If you’re a regular customer of Amazon, you’re fully aware of the fake reviews. They are sometimes obviously fake. After removing its third recent major company from its online storefront, Amazon is laying the blame for the fake reviews at the feet of social media.
Amazon Blog Post
On Wednesday, Amazon published a blog post that laid all the blame for its numerous fake reviews on social media while spending paragraph after paragraph defending its practices.
The blog post described that “product reviews are an important part” of its “shopping experience, helping customers in their purchase decisions and providing a way for selling partners to differentiate their products from other similar items.”
“We have more than 300 million active customers and over 1.9 million selling partners worldwide – most of which are small and medium-sized businesses that represent the majority of physical products sold in our stores. On behalf of our customers and selling partners, Amazon relentlessly innovates to allow only genuine product reviews in our store,” claimed the company.
Further defending itself, Amazon wrote, “Some didn’t understand why we would highlight positive and negative feedback on products in our store.” It goes on to describe itself as “obsessed with delighting customers over the long term.”
Amazon believes its job is to provide “genuine product reviews” to help “customers make purchase decisions and receive products that meet their expectations.”
The blog post explains Amazon’s process of preventing fake reviews. It uses “sophisticated technology powered by machine learning” along with “expert human investigators.” Last year it stopped customers from seeing 200 million suspected fake reviews.
At this point, Amazon started to lay the blame for the fake reviews on social media. It explained that some “bad actors” use “social media services on their own” and others use third parties to “perpetrate the activity on their behalf.”
Amazon regularly reports this activity to social media companies who it says “took a median time of 45 days to shut down those groups.” It reported “more than 1,000 such groups.” The blog post also said the company has filed lawsuits against “those who have purchased reviews and the service providers who provided them.”
Amazon Admits Removing RavPower
It made the news over the past few days that Amazon had pulled RavPower from its storefront.
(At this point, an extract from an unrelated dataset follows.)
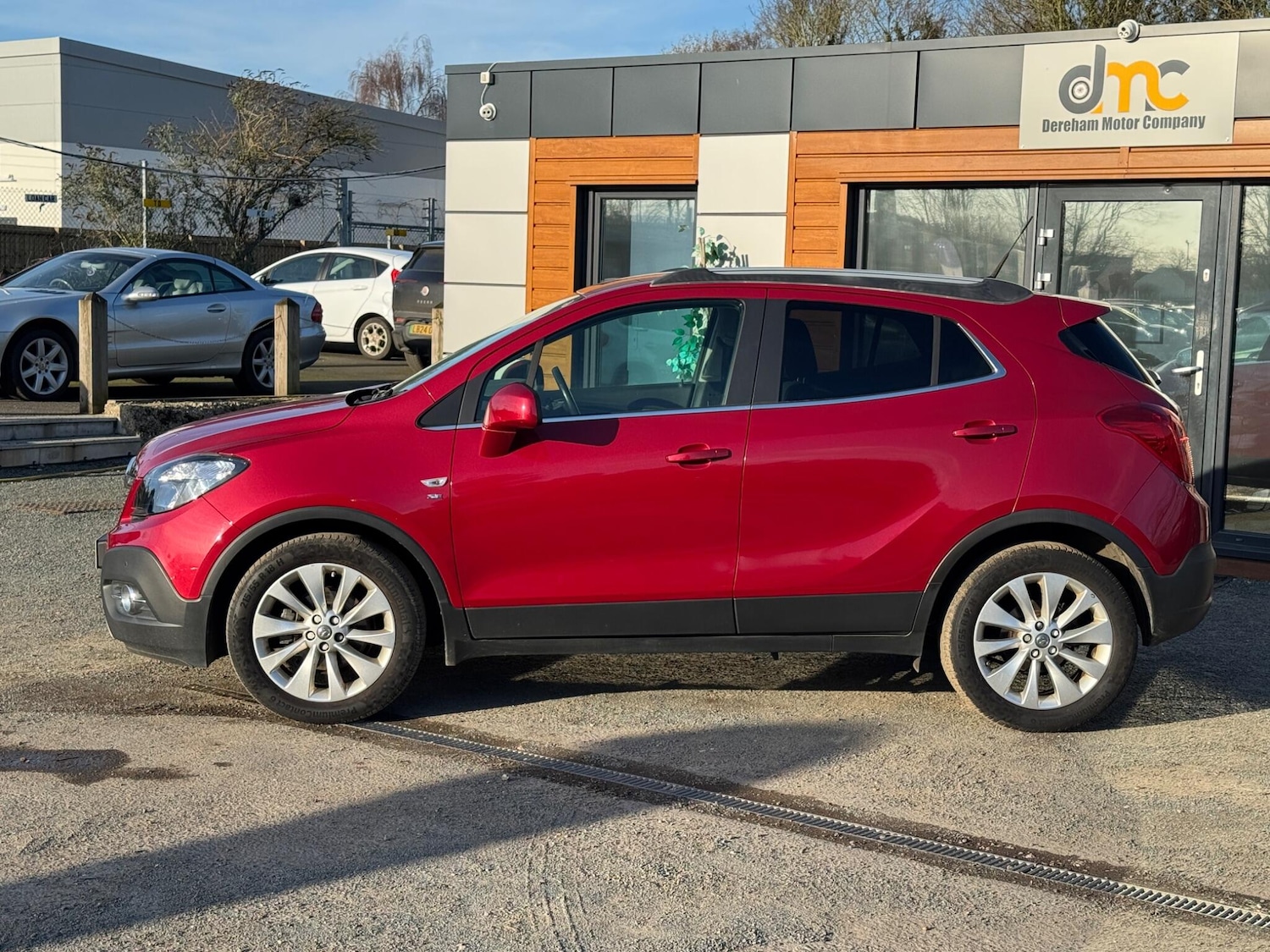 Used Vauxhall Mokka 2015 for sale - 77934147: Photo 2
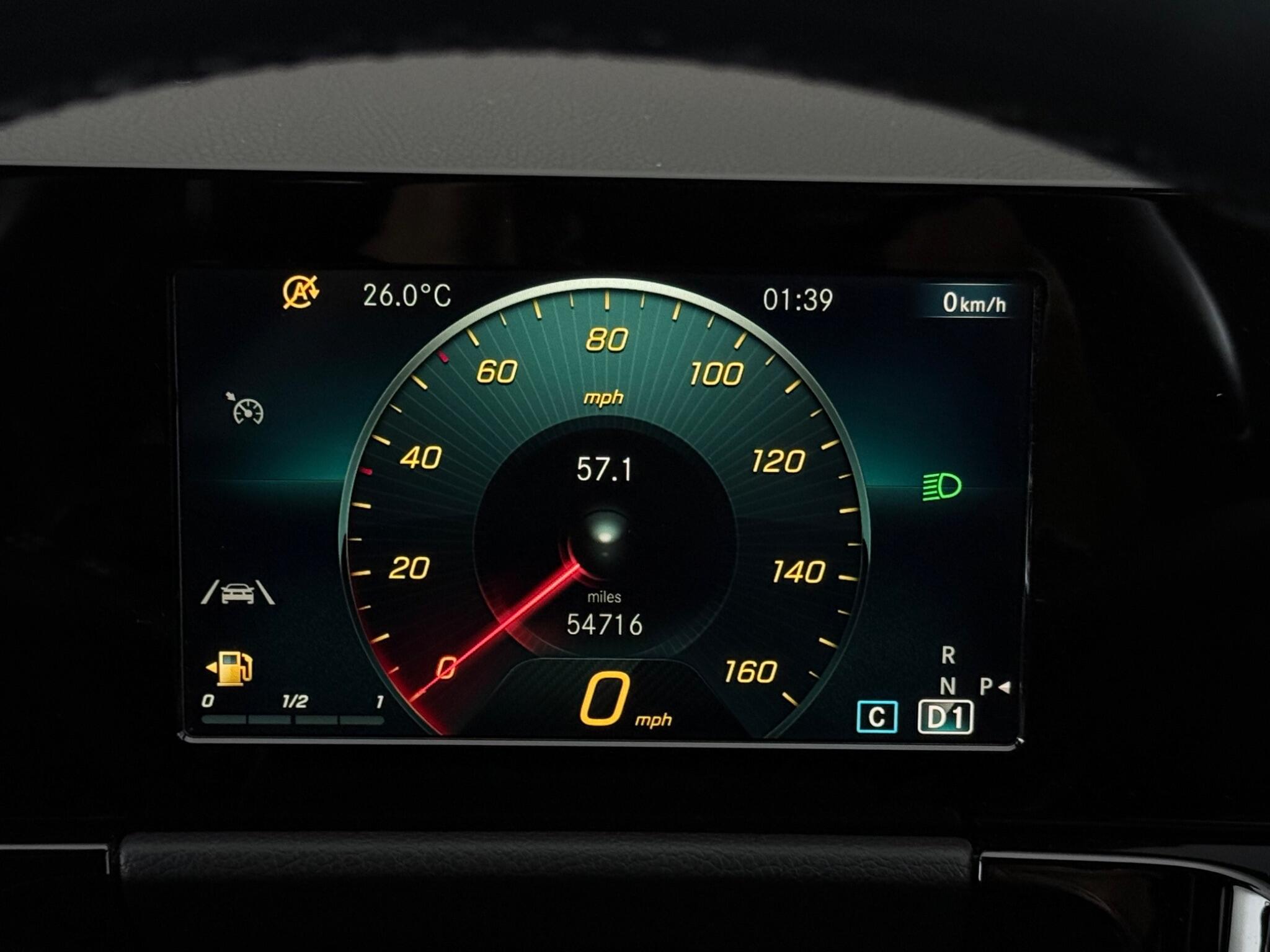 Mercedes-Benz Gla view 16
RavPower had pushed a charger with a $35 gift card offer if a review was left. This violates Amazon’s policies and has been since 2016 when it banned reviews posted in return for an incentive.
All of RavPower’s products appear to have been removed. The company’s storefront on Amazon is empty, and searches for the brand return no results.
It’s not the only brand to be removed. It appeared that the Aukey and Mpow brands had been removed as well last month, but there was no confirmation of this.
Paid review comments are not something new in this industry. It’s big business. As a freelance writer, I have encountered many employment ads for this. I even had a gig at one point sniffing such things out for a company trying to track down its fake reviews. In this respect, Amazon may be spinning its wheels trying to stop this.